September 27, 2007


666: The Number of the Beast. Point/Scholastic. $14.99.

Curses, Inc. By Vivian Vande Velde. Magic Carpet/Harcourt. $6.95.

One Beastly Beast (Two Aliens, Three Inventors, Four Fantastic Tales). By Garth Nix. Illustrated by Brian Biggs. Eos. $15.99.

The Scary States of America. By Michael Teitelbaum. Delacorte Press. $7.99.

      Frightfulness and funniness go together surprisingly well: a lot of scary stories depend on elements that, considered objectively, are silly, so an author who wishes to can emphasize either the fearful or the funny. These collections of stories offer shivers from a variety of different angles.

      666: The Number of the Beast is entirely on the dark side. There are 18 original supernatural stories in this anthology, gathered into three groups of six each (6-6-6, that is), under the headings of “Evil,” “Darkness” and “Beasts.” The book is intended for older teenagers and young adults, and some of the authors apparently decided that that justifies going for pure shock value: Christopher Pike’s “Saving Face,” which includes a horror-movie-inspired (and rather disgusting) torture scene, is the most extreme example.
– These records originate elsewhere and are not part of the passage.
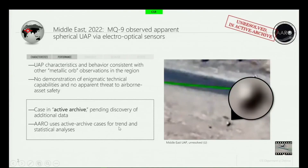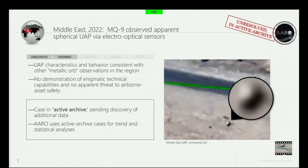I'm going to walk you through two cases that we've declassified recently. This first one is an MQ-9 in the Middle East observing what appears to be a spherical object via EO sensors — those are not IR.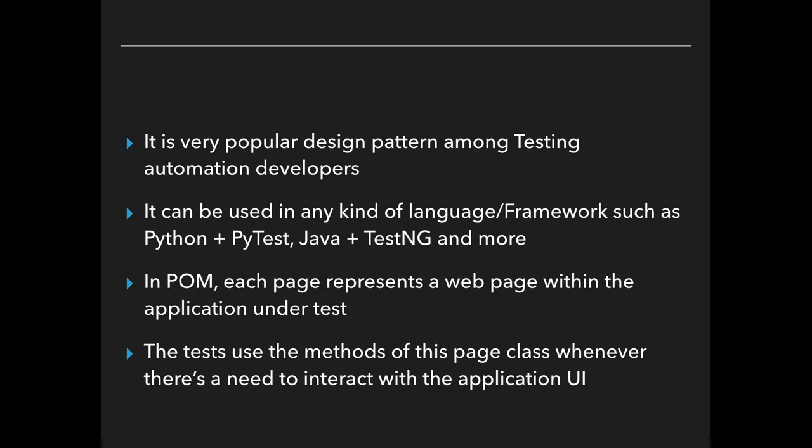It can also be used in any kind of language or framework such as Python plus PyTest, Java and TestNG and much more. In POM, each page represents a web page within the application under test. The test uses the methods of this page class whenever there is a need to interact with the application UI.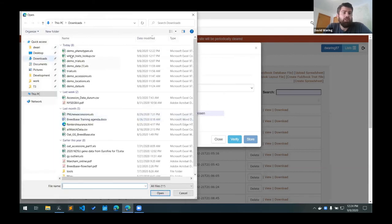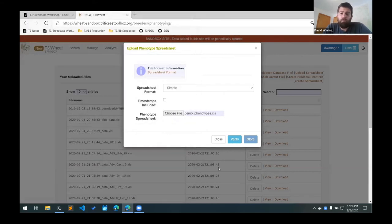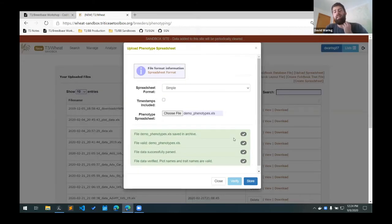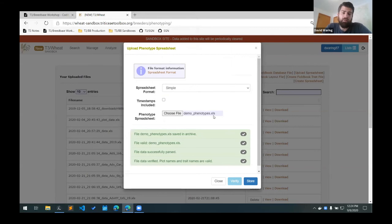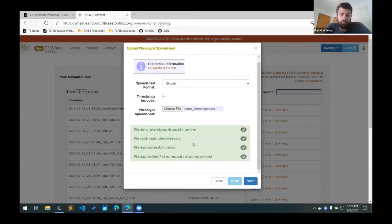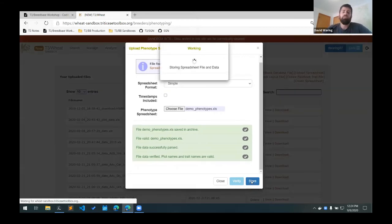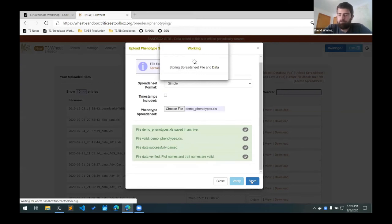We choose our file here. The first thing you have to do is click this verify button and that will verify the plot names and the trait names to make sure they're correct. And if that's all good, then you can click the store button and it will store those trials in the database.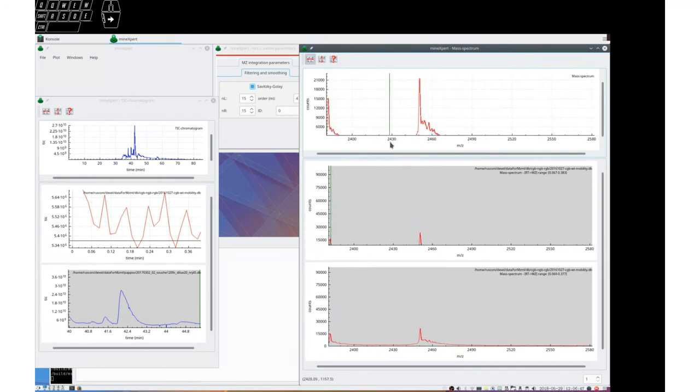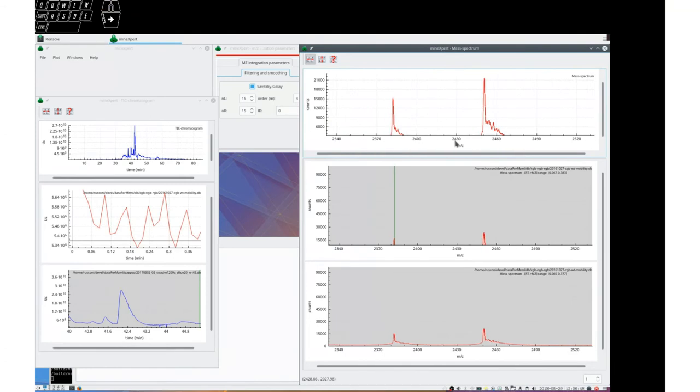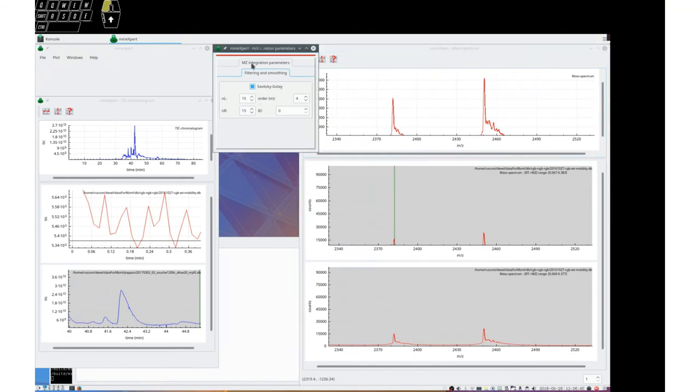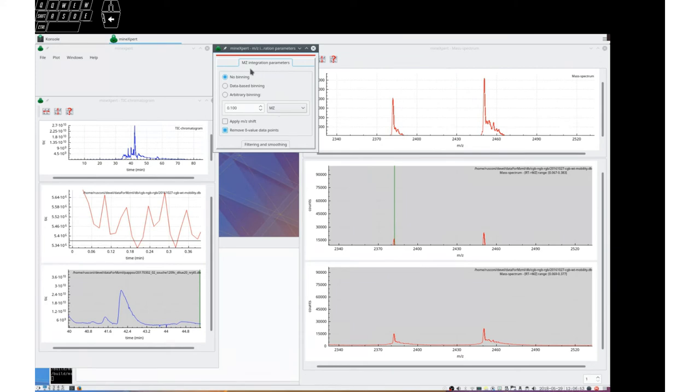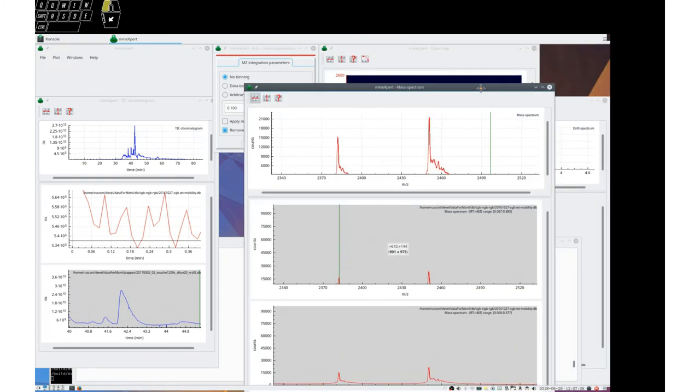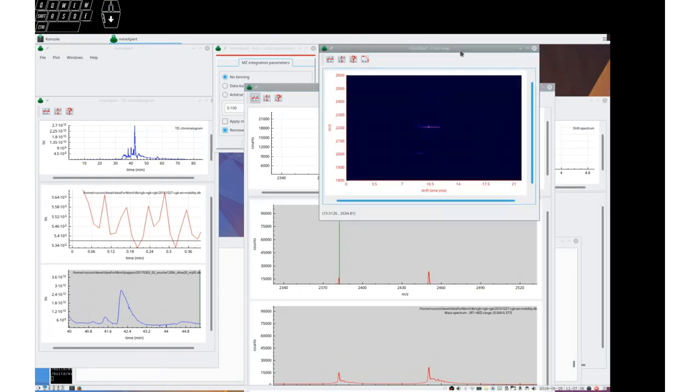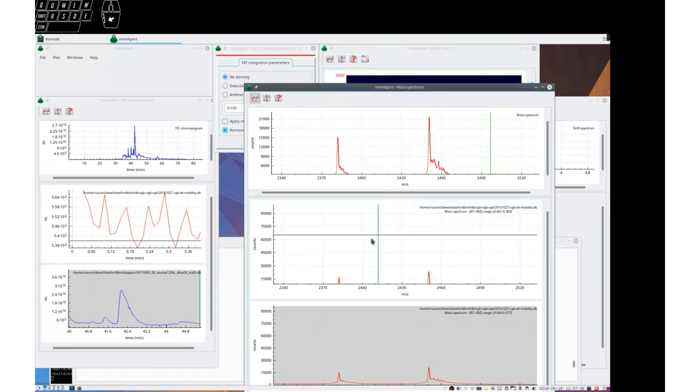So as you can see, this dialog box here allows you to pretty well configure the mass spectrometry data integration from tick chromatogram or color map to a mass spectrum.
Interestingly, it is followed by the shortest and most subtle story in the book, Joyce Carol Oates’ “The Little Sacrifice,” whose implications are far more frightening and far more a part of the real world than the overt violence in Pike’s tale and others. There’s something for every fright fan here, from the demonic possession of Heather Graham’s “If You Knew Suzie,” to the transformation and possible madness in Amelia Atwater-Rhodes’ “Empire of Dirt,” to the SF dystopia of Joshua Gee’s “Incident Report,” to the Poe-esque madness of Robin Wasserman’s “Scapegoat,” to the ghost entrapping the living in P.D. Cacek’s “La Fleur de Nuit.”

      Vivian Vande Velde also has a story of a ghost seeking a living person to take her place in Curses, Inc. Originally published in 1997 and now available in paperback, this collection shows its age in some ways, as in the title story, whose protagonist connects to the Internet by dialup modem. Vande Velde aims for readers as young as 12 and keeps her frights more modest and laced with occasional humor than do authors seeing older readers: the title tale here has a neatly amusing twist ending, and “To Converse with Dumb Beasts” is out-and-out hilarious. There are 10 stories in all, including “Past Sunset,” the one in which a ghost seeks a replacement. Vande Velde’s end notes are interesting both for background and for showing that an author does not always know which of her tales are most effective: she gives short shrift to “Remember Me,” for example, but this tale of lost (or stolen) identity is both clever and a real chiller.

      There’s nothing chilling at all in One Beastly Beast (Two Aliens, Three Inventors, Four Fantastic Tales), perhaps because Garth Nix intends this book for ages 7-11. But there’s plenty of fun in the four brief fantasy adventures here, including “Blackbread the Pirate,” in which a boy enters a world of swashbuckling rats – real rats; and “The Princess and the Beastly Beast,” in which Princess Rinda has to decide whether to jump into the maw of the beast of the title. Then there’s the tale of the aliens who want to kidnap, or maybe adopt, “Bill the Inventor.” And in “Serena and the Sea Serpent,” the title character befriends a fierce monster and finds herself turned into…a penguin. Brian Biggs’ amusing, cartoonlike illustrations of all these characters add to the book’s considerable charm.

      There’s not much charming in any of The Scary States of America, according to Michael Teitelbaum, who offers “50 Weird and Terrifying Stories Based on True Events.” Teitelbaum creates as his narrator a spook chaser named Jason Specter, who had an experience inside a weird locker in fourth grade and has collected stories of the paranormal from around the United States ever since. Once you get past the gimmick of one story per state, the tales themselves are pretty straightforward, and some are just dull; the book as a whole deserves a (+++) rating. Each tale is introduced with a brief fact about the state – but you’ll be disappointed if you expect a connection between the real-world information and the made-up stories. For South Dakota, for example, the opening statement is about the carving of Mount Rushmore, but the story is about a woman who finds her husband cheating and kills him. The Hawaii fact mentions Pearl Harbor; the story involves the skeletal ghosts of a long-ago battle won by King Kamehameha. The Nevada fact mentions weddings in Las Vegas; the story is about dreaming of a fire before it happens. The chapters are all brief and easy to read, and the book may be an enjoyable accompaniment to a lengthy family drive around the U.S. But it’s really not particularly scary.